Others are calling for Tom Brady to be given his fourth MVP award. Brady does lead the league in many important categories, including yards (4,580) and touchdowns (37). However, Brady has also thrown 11 interceptions, tied for 17th in the league. If Taylor’s MVP credentials are hurt by the fact, he runs behind possibly the best offensive line in the league, as some have claimed. Then I think Brady’s credentials should equally be hurt by the fact he’s been playing with probably the best weapons in the league, a great offensive line, and an elite defense. I do also wonder whether either Brady or Rodgers MVP cases are hurt by their respective terrible performances against the New Orleans Saints this year.
I maintain that if a QB is to win this year’s MVP, it needs to be Aaron Rodgers, barring any particularly brilliant or terrible performances in the last two games of the season.
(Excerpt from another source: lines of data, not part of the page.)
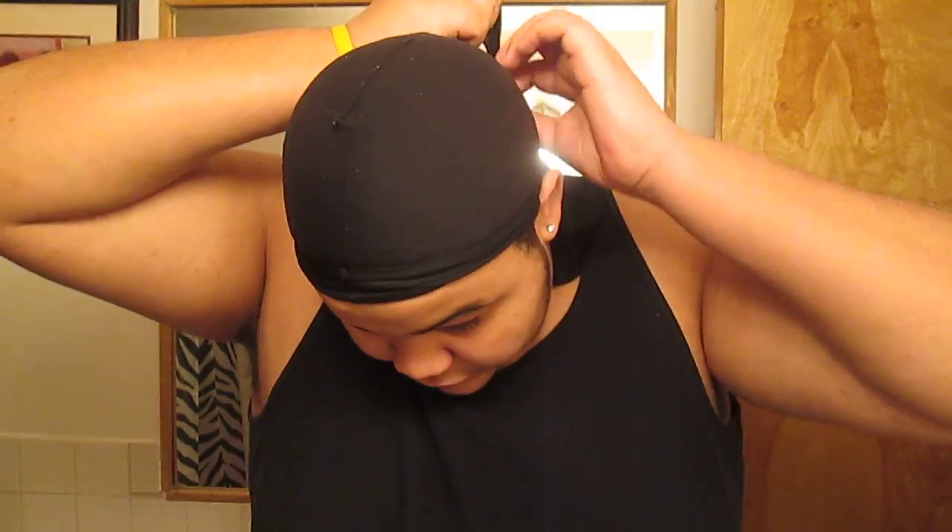What's up YouTube? It's BigBoyMalik back. I came to show you guys what my waves look like after I wake up. So first of all, I did not put anything on my hair. I was really tired last night, so I just put the do-rag on and went to sleep. So here are my waves after I take off the do-rag.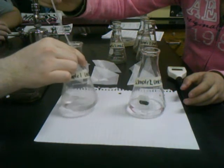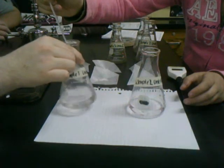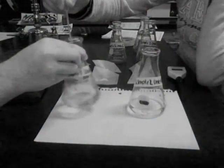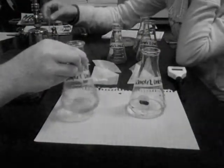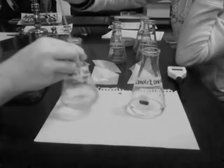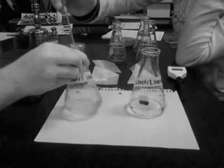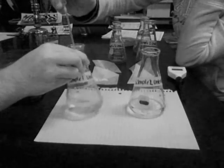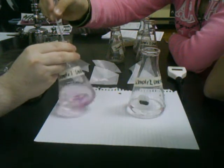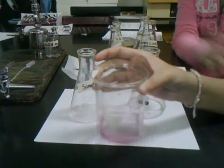I don't know if you can see this on the camera, but it's turning a slight pink color every time I add the hydroxide. The pink is beginning to stay a little longer with each drop. I'm going to continue adding and we'll keep swirling to make sure it's thoroughly mixed.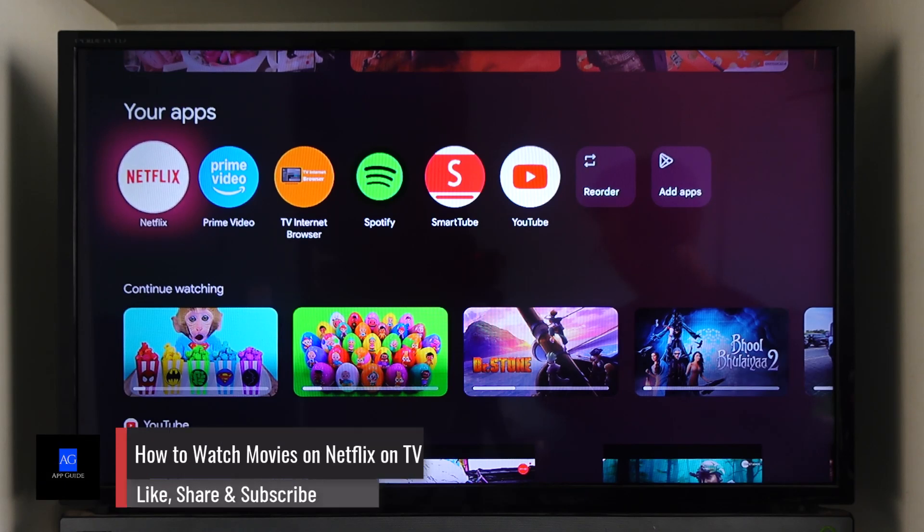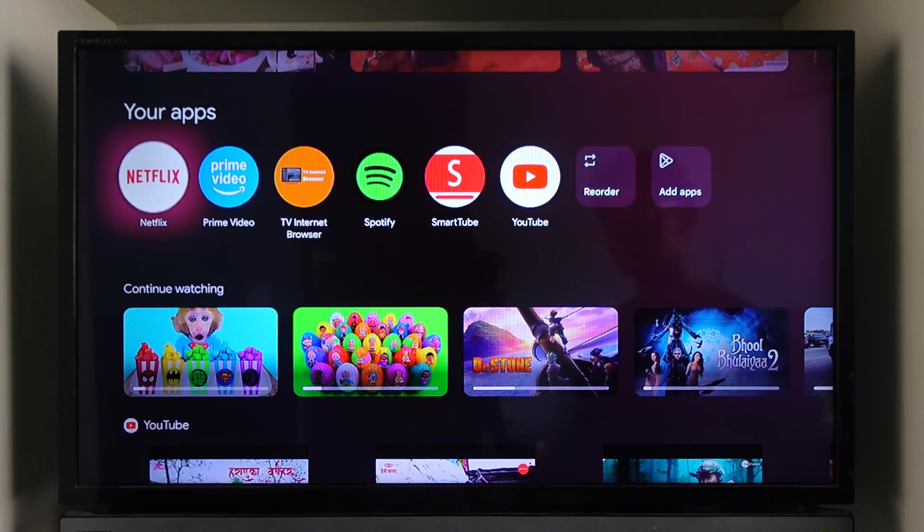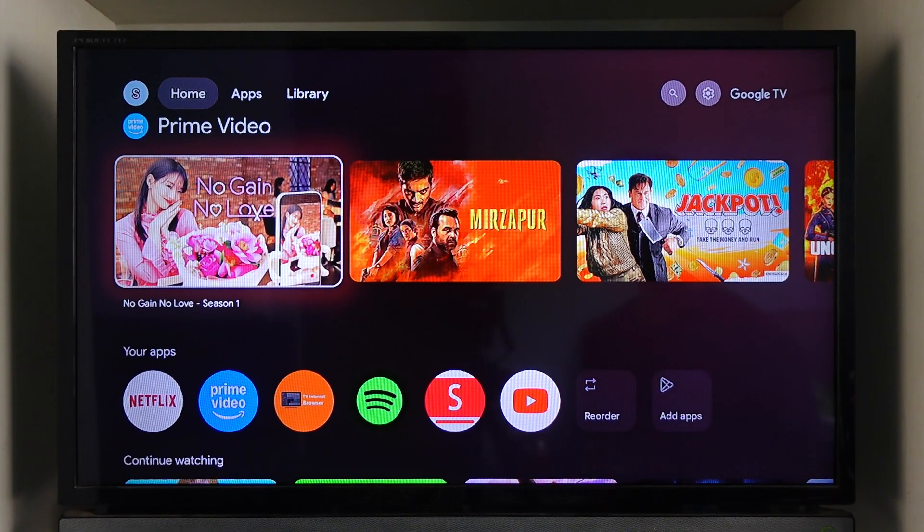How to watch movies on Netflix on TV. If you want to watch movies on Netflix on TV, first of all it is important to identify what kind of TV you have. Some of you might have a smart TV running its own OS depending upon which TV, and some of you might have an Android TV which runs on top of Android.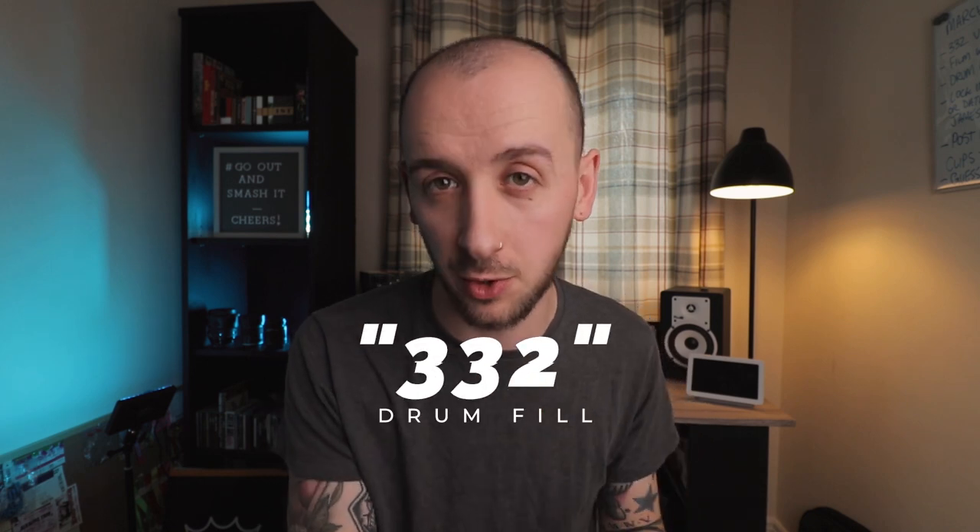Welcome back to the channel. Today we're going to be learning one of my favorite fills, which I call the 3-3-2 drum fill. For those of you thinking something looked a bit iffy in that intro, I flipped all the footage so that I looked right-handed, as I'm usually a left-handed drummer. That way all right-handed drummers watching can follow along without it being confusing. If you are a lefty like me, you can click the card up here or the link in the description to be taken to the left-handed version of this video.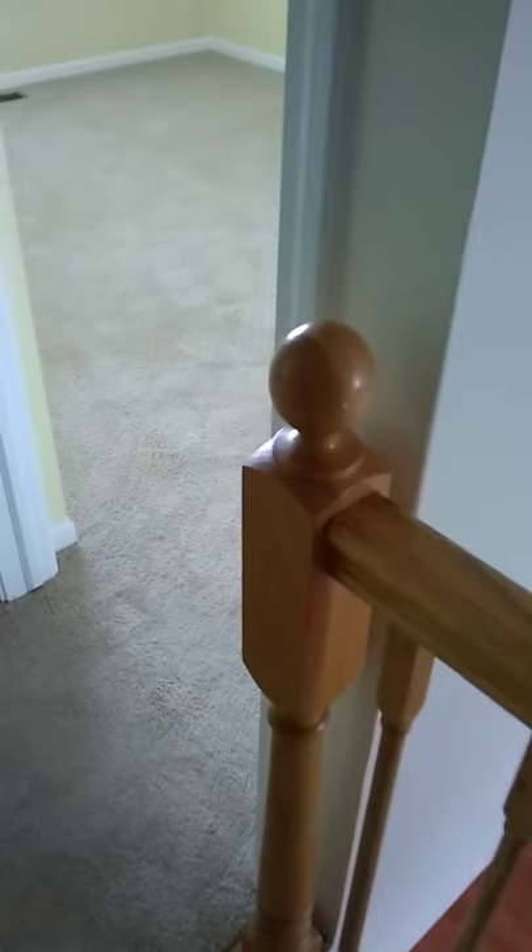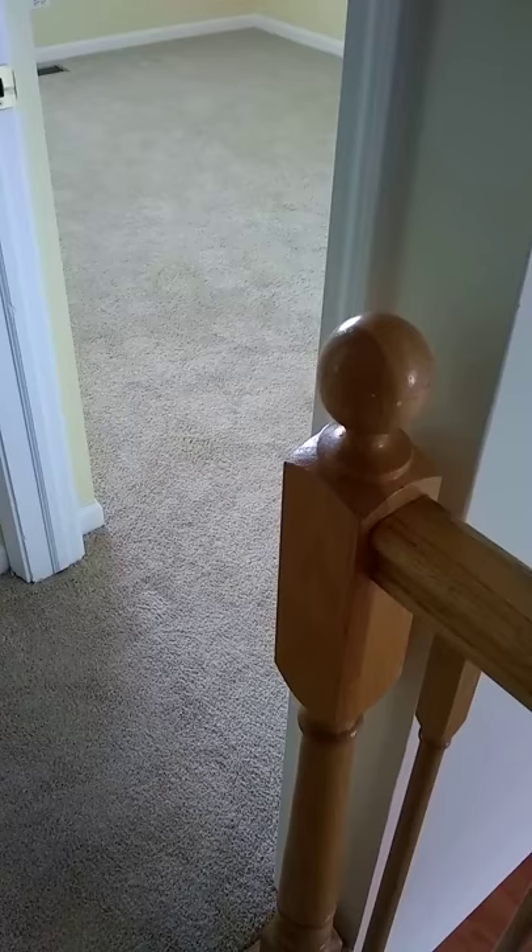Hi, this is Bruce Levin, home inspector, doing an inspection in Streamwood, and what we have here is a loose railing.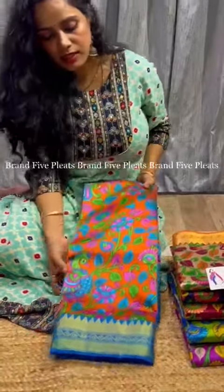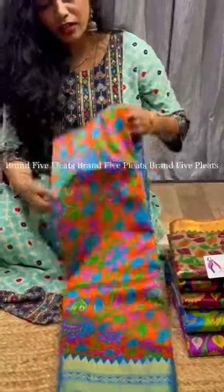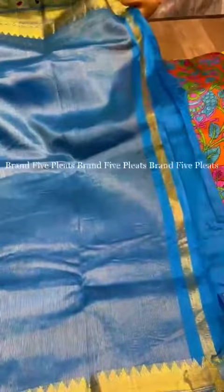Second beautiful shade in this kalamkari soft silk sari — this is the orange sea blue border. Kalamkari digital print sari with a contrast pallu with complete zhari weaving. This is the look of the sari.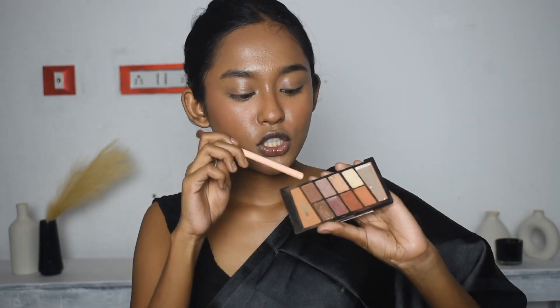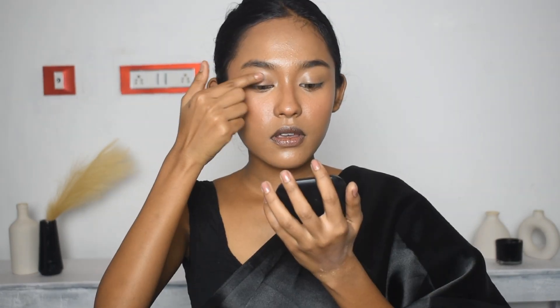Moving on to the eyes — first I'm going to look at which shade or highlighter to use. Let's do some shimmer on the eyes today. I used the Wet n Wild Rose in the Air palette, picking a shimmery Rose Gold shade. I picked it using my finger and applied it over the whole lid. It doesn't crease.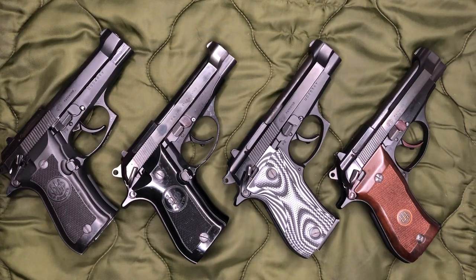Hey everyone, welcome back to Brown Code Nerds. Today I just got a real quick video that's been kind of bugging me. I've been wanting to make this video specifically on the safety issue or concerns on both the older Beretta Cheetahs as well as the new Beretta 80X.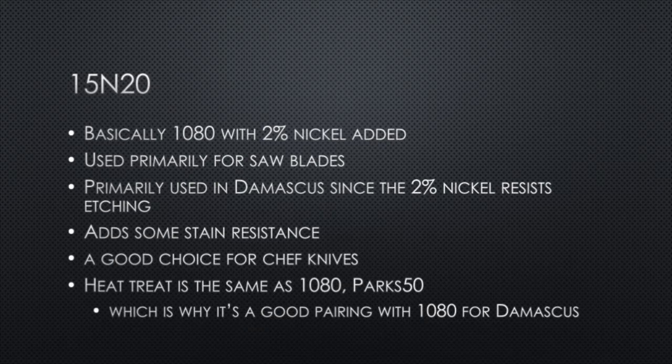15N20 is really just 1080 with 2% nickel added. You'll see this steel used primarily for things like bandsaw blades. The added nickel adds some stain resistance, making it a really good choice for chef knives. The heat treat for 15N20 is identical to 1080 — you need Parks 50 or some very fast quenchant. This is also why it's a good pairing with 1080 for Damascus, because they have the same heat treatment.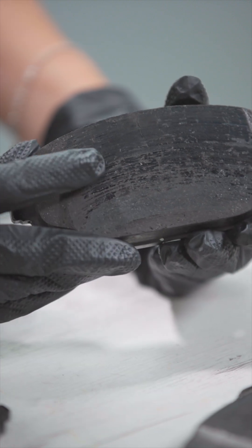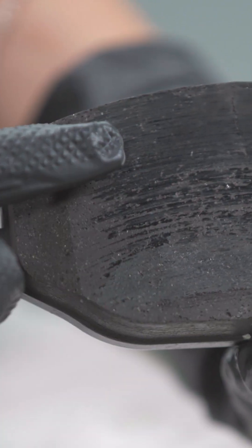Do you know what is wrong with these brake pads? The brake friction material is glazed.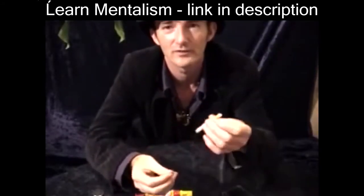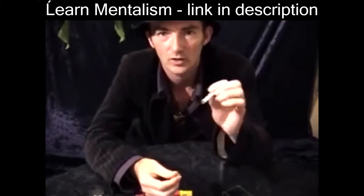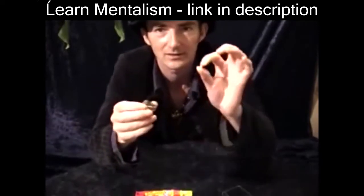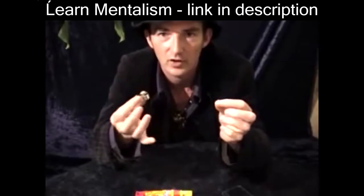Hi, my name is Andy. This is the training video for Mind Freak Cigarette. To do this trick you need one normal cigarette and two magnets. You need a little tiny one that will fit inside the end of the cigarette and a bigger stronger one.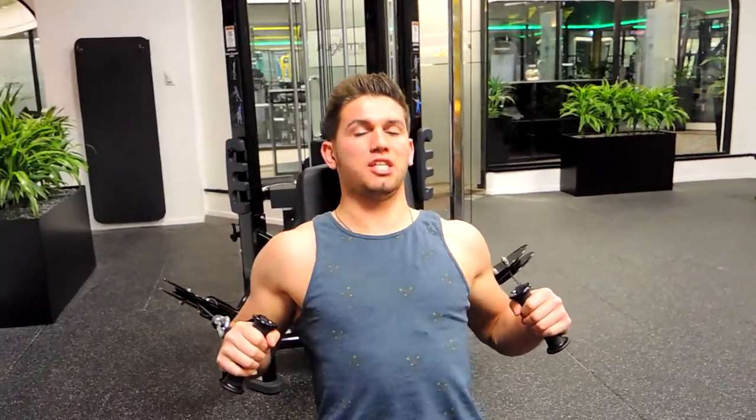This is the seated cable chest press. Positioning the seat in front of two cables that are really close to each other — slightly different to the cable fly, because the cable positioning needs to be closer to you. Position yourself just like any general chest press: chest is high, shoulders are retracted and down.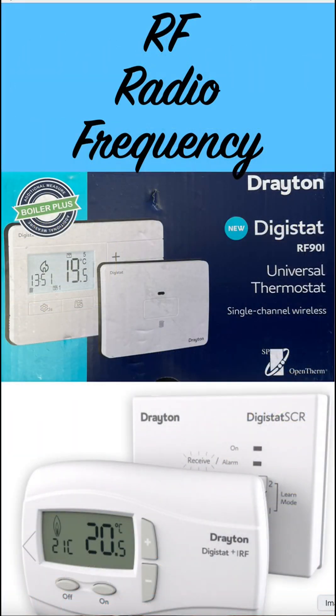RF or radio frequency is an installer's dream. It's only four wires, so it makes it very easy to install and it has very low running costs. Customers love this method — RF is the way forward.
That being said, I don’t think any QB has nailed down the award this year. That leaves the door open for Jonathan Taylor, but it also leaves the door open for Cooper Kupp.
Many pundits and fans have said throughout this season that if Jonathan Taylor is in MVP contention, then so should Cooper Kupp, and they’re right. Kupp is having a phenomenal season. He’s on course to have 1,850 yards and 15 touchdowns, which would make his season one of the best in terms of receiving yards. However, it would be significantly short of the greatest seasons for receiving touchdowns enjoyed by Randy Moss and Jerry Rice. Needless to say, Cooper Kupp is enjoying a brilliant season and has been the key offensive weapon for an LA Rams team that has been successful despite injuries to the likes of Cam Akers and Robert Woods. I wouldn’t begrudge Kupp if he won either the MVP or OPOY awards, but I think there is still a strong case for Jonathan Taylor.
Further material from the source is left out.